Bishop’s girls channel ‘Grandmaster’
By ANGELA PIDDUCK Monday, February 4 2013
“Refreshingly different” was the calypso medley of the late Lord Kitchener’s (Aldwyn Roberts) road marches sang by the Bishop Anstey High School Choir, under the direction of choir mistress Lorraine Granderson, at the recent Awards Ceremony in Queen’s Hall.
With her usual foresight, Granderson, who has led this 70-year-old choir to exciting new heights with a repertoire which includes classical, contemporary and gospel music as well as African, West Indian folk and calypso, at the local biennial Music Festival and overseas performances, saw the relevance here as it related to the current Carnival season.
And what a wonderful performance, whether Kitch’s music was your favourite or not, the mix of “The Road,” “Miss Tourist,” “Flag Woman” and “Mas in May” was scintillating. As the youngsters, in their school uniforms, swayed gently and sang melodically, the audience felt a need to get up and chip along the aisles of the Hall.
The quiet and most lovable music mistress thought of the Kitchener medley when she was looking for something that would have been relevant to an earlier performance at the 50th anniversary of Independence, at the Diplomatic Center, because: “I wanted something that would reflect our culture and again you always have to think of songs suitable for children; and saw Kitchener with some of his road marches as an education for the children through this wonderful music they were not exposed to, and to learn songs they would not normally hear. With all this Facebook they are not meeting them anywhere. It was so interesting when I decided to do this, I directed them to YouT ube and let them listen to all of these songs which capture moments in our history. They were fascinated and thoroughly enjoyed the music.
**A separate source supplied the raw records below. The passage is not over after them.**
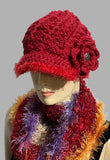 THE ROUGE RED ALPACA HAT, woman's size 22, beanie crochet hat, stocking stuffer, for her,
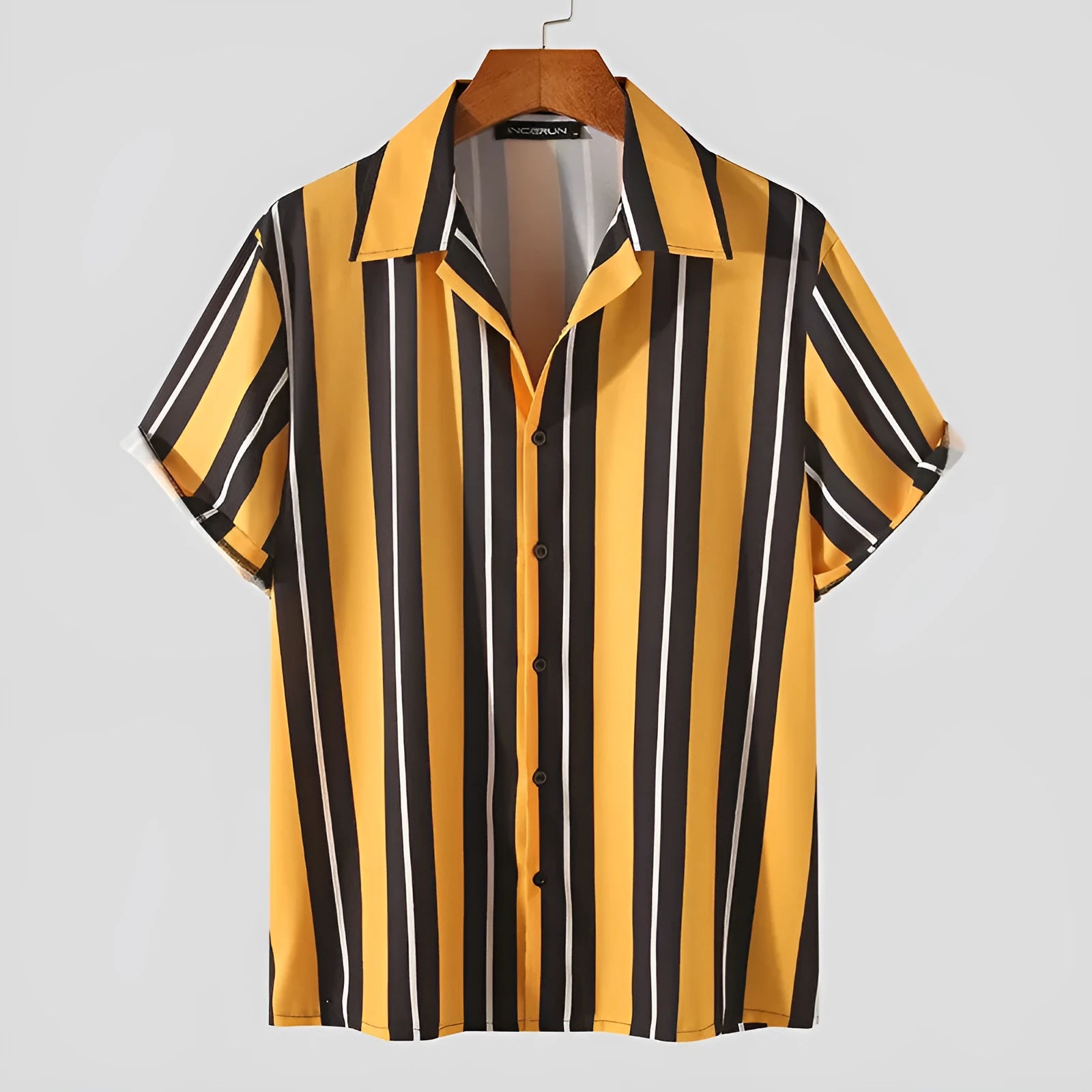 Men's soft cotton loose fit short sleeve casual shirt in yellow for summer streetwear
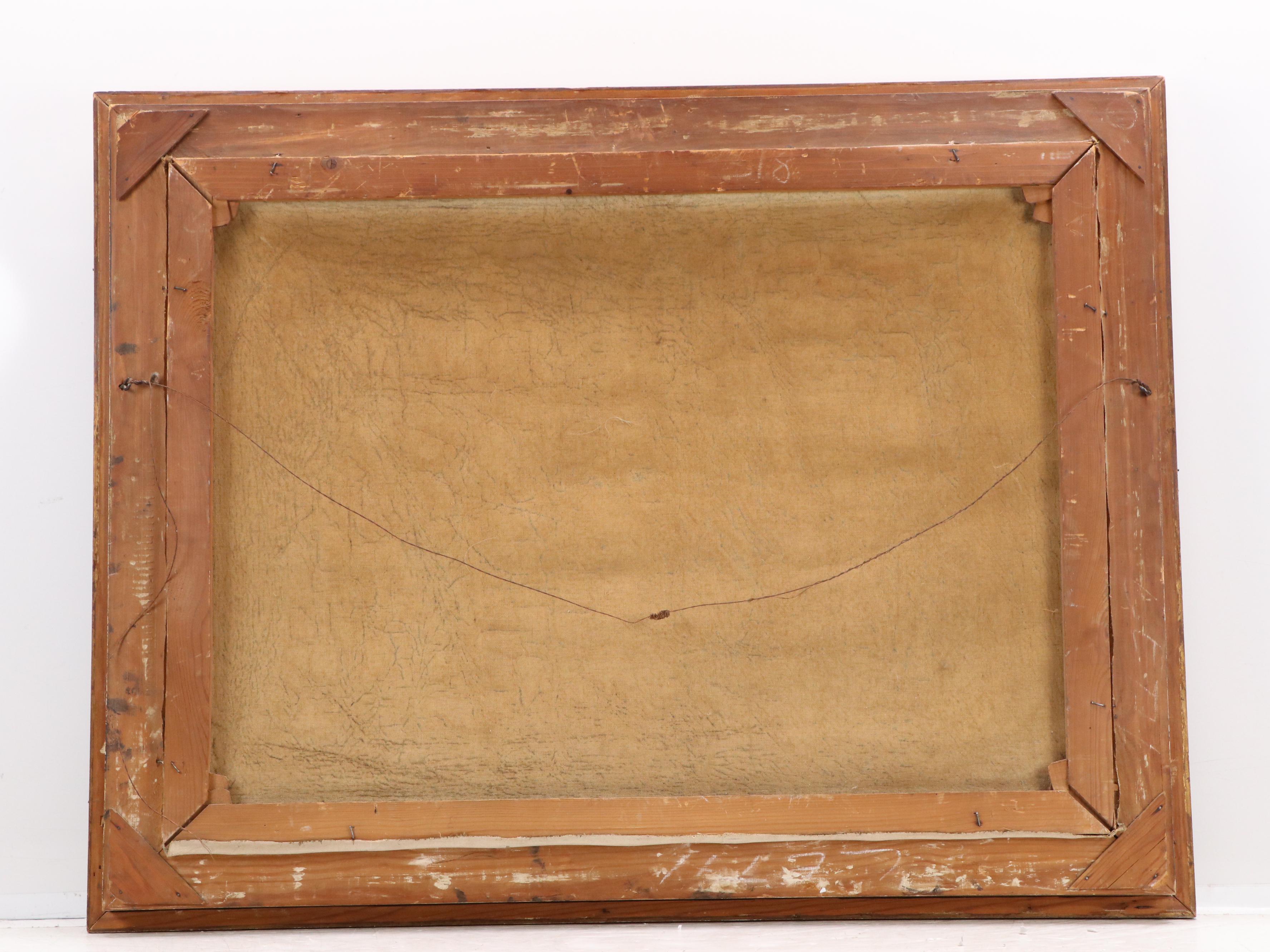 European Landscape Oil Painting of Farm Scene, Mid-20th Century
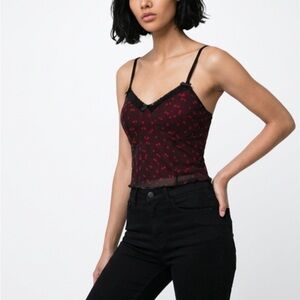 Women’s Red Floral Lace-Trim Cami Top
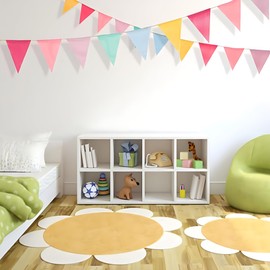 Colorful Pennant Flags Banner Imitated Burlap Bunting Banner Pastel Decor Fabric Triangle Flag for Party Decoration，Classroom Birthday Spring Graduation Festival Wedding Decoration，48 Pcs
She continued, “They got involved in the choreography and creating some of the harmonies, and making suggestions generally. It was really a fun experience. Actually for the past few years Valerie Taylor (a past principal) and I have been saying we should really do a vintage with the choir for Carnival but the timing with mock exams in April was off. Yet, when I saw how readily the girls took to learning this music, and there is such a wealth of music out there telling our stories, such as, Shadow’s “Bass Man,” and even further back to “Roaring Lion” and “Atilla the Hun,” also you could do a whole show with Spoiler’s music; I realised it is really a shame that as a national community we do not value and treasure this music that captures so much of our history, and is so much a part of who we are and our young people are just growing up not knowing any of these things.
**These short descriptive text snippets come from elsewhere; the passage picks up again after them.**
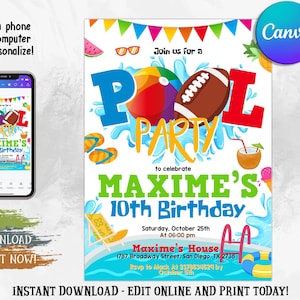 Football Pool Birthday Invitation, Pool Birthday Party Invite, Summer Party Invitation, Boys Birthday Invite, Any Age, Editable Canva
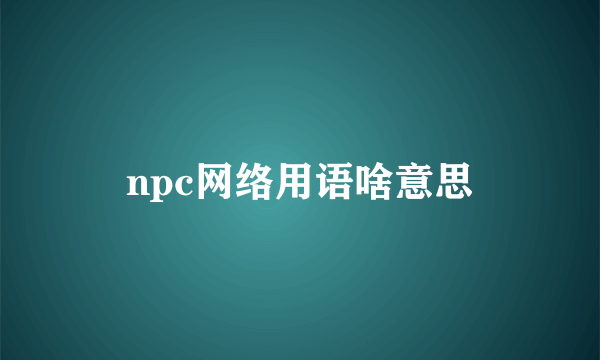 npc网络用语啥意思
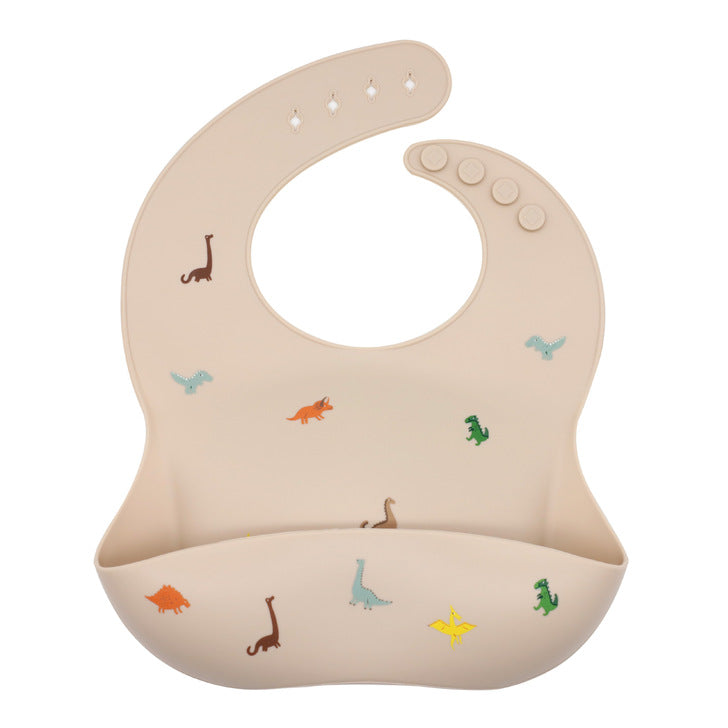 Colorful Baby Printed Pattern Food Grade Silicone Bibs displayed in various colors, showcasing their waterproof and lightweight design.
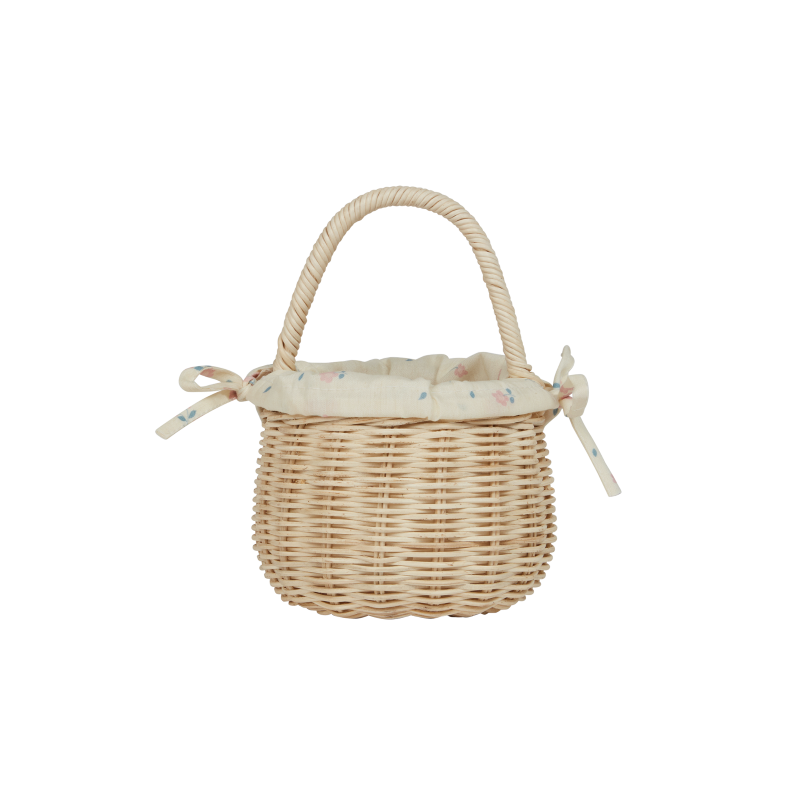 Olli Ella - Rattanowy koszyk z podszewką Berry Basket, Pansy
“Normally the girls look forward to what I am going to teach them and they let me know in no uncertain terms if it is too boring through sharing, discuccsion and negotiation. I was starting to teach them “You’ll never walk alone” it was so relevant to the Awards Ceremony but the response was: Miss that sounds like a funeral -and they came up with the suggestion to redo the Medley. Then I came into the music room and they were teaching it to some other children – I had forgotten completely. But I listen to them because they are the ones who have to perform the music.”
Granderson actually lived through the experience of “Mas In May”. “It brought back a lot of memories for me so I could pass on the story. That was the year I played in Hot Pants Extravaganza in Starlift, and the rain really came. The mas had been postponed to May because of a polio scare.
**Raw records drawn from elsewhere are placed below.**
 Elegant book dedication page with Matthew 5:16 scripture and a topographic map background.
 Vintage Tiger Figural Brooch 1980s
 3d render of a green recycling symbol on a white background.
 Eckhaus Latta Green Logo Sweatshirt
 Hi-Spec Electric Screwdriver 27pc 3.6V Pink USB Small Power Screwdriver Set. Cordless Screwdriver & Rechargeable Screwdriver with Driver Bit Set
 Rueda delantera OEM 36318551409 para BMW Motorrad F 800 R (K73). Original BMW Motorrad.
The calypso teaches stories, through song, of events that really happened. There is so much material that we can teach our young people through the cultures that they need to know. Where they fit in and what life was like. They will listen because the music belongs to us. At first they were not too sure but the music came alive for them and they started getting into the stories and really enjoying it. We have to take that sense of drama and tell the story.”
Said Granderson, “Every Carnival Friday we have a Vintage competition, they must sing something from 1980 back. They have to do their research and come up with it. An original composition and Midnight Robber speech by each house. We are still struggling to get an old mas competition alive but the girls do not think old mas except for J’ouvert.”
As plans progress for the choir’s upcoming South African tour, later this year, the repertoire will include calypso, East Indian music, some classical, and folk, accompanied by the steel ensemble, which will also play on its own.